The 2022 Winter Olympic ice hockey gold medal match was an ice hockey match held on 17 February 2022 at Wukesong Arena in Beijing, China, between title holders the United States and reigning World Champions Canada to determine the winners of women's ice hockey tournament at the 2022 Winter Olympics.

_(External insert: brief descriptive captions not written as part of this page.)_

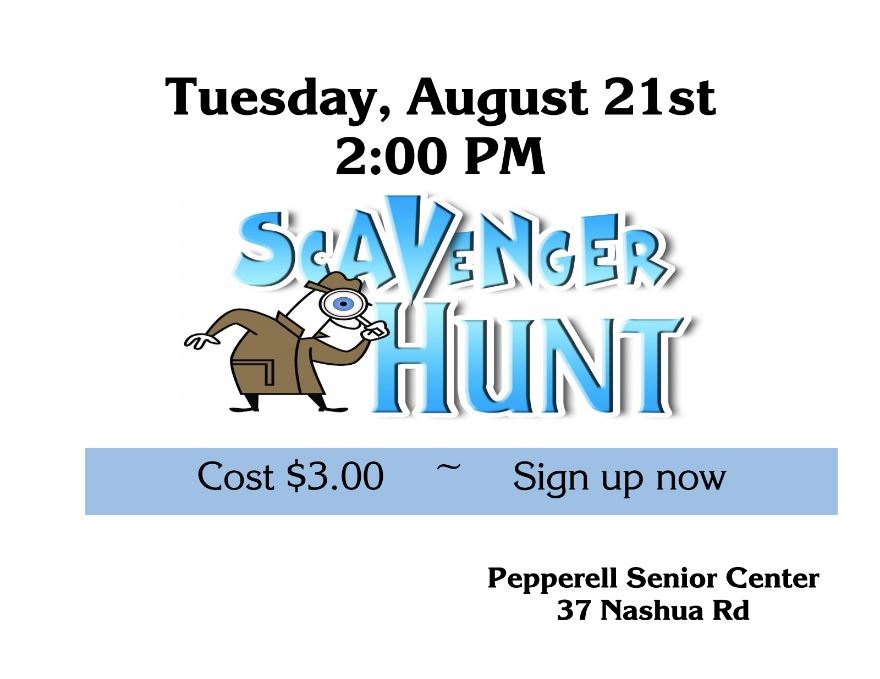 Scavenger Hunt 180821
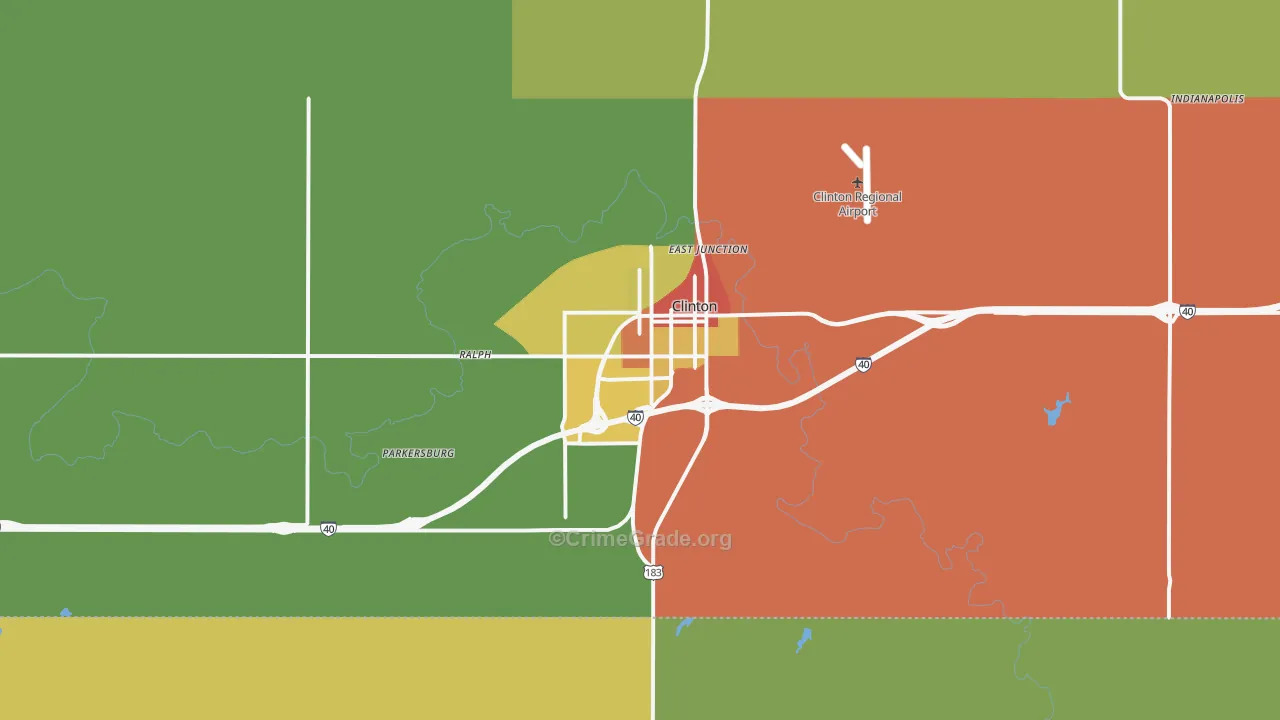 73601, OK Map of Theft Rates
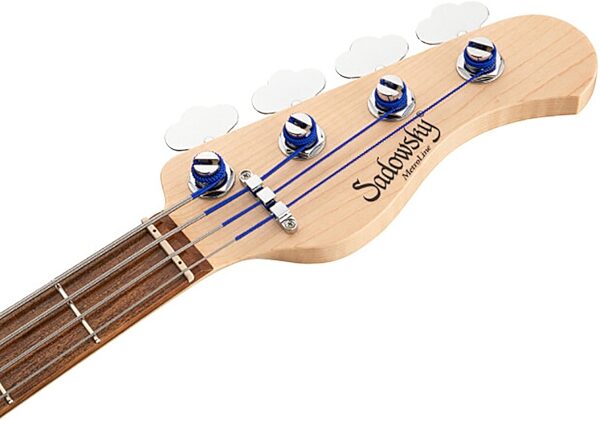 open zoom image for Sadowsky MetroLine 24-fret Modern Bass, 4-String (with Gig Bag), Satin Natural, Open Box (Very Good), Action Position Back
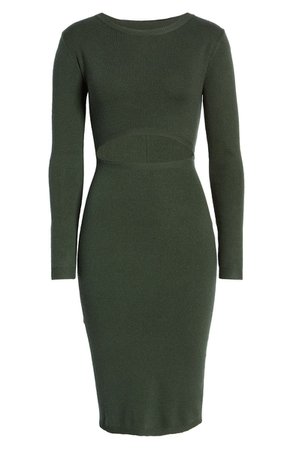 VICI Collection Cutout Long Sleeve Midi Sweater Dress | Nordstrom
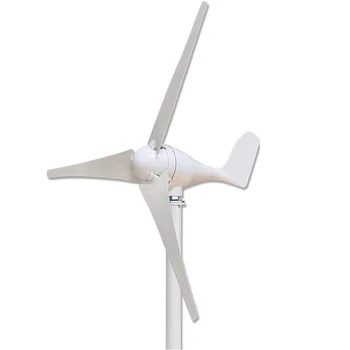 12 В 24 В 48-В Малка мощност 400 W 500 W 600 W 3 остриета вятърни турбини, Генератор за домашна употреба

Canada won the match 3–2 securing a record-extending fifth Olympic title overall.
==Background==
Both teams entered the tournament as the reigning champions of either the Ice hockey at the Olympic Games tournament (United States) or the IIHF Women's World Championship (Canada).

==Route to the final==

===Canada===

Canada's route to the final
| Match | Opponent | Result |
|---|---|---|
| 1 | Switzerland | 12–1 |
| 2 | Finland | 11–1 |
| 3 | ROC | 6–1 |
| 4 | United States | 4–2 |
| QF | Sweden | 11–0 |
| SF | Switzerland | 10–3 |

Canada qualified for the tournament by being ranked in the top six following the 2020 Women's Ice Hockey World Championships.

===United States===

United States' route to the final
| Match | Opponent | Result |
|---|---|---|
| 1 | Finland | 5–2 |
| 2 | ROC | 5–0 |
| 3 | Switzerland | 8–0 |
| 4 | Canada | 2–4 |
| QF | Czech Republic | 4–1 |
| SF | Finland | 4–1 |

The United States also qualified by placing in the top six.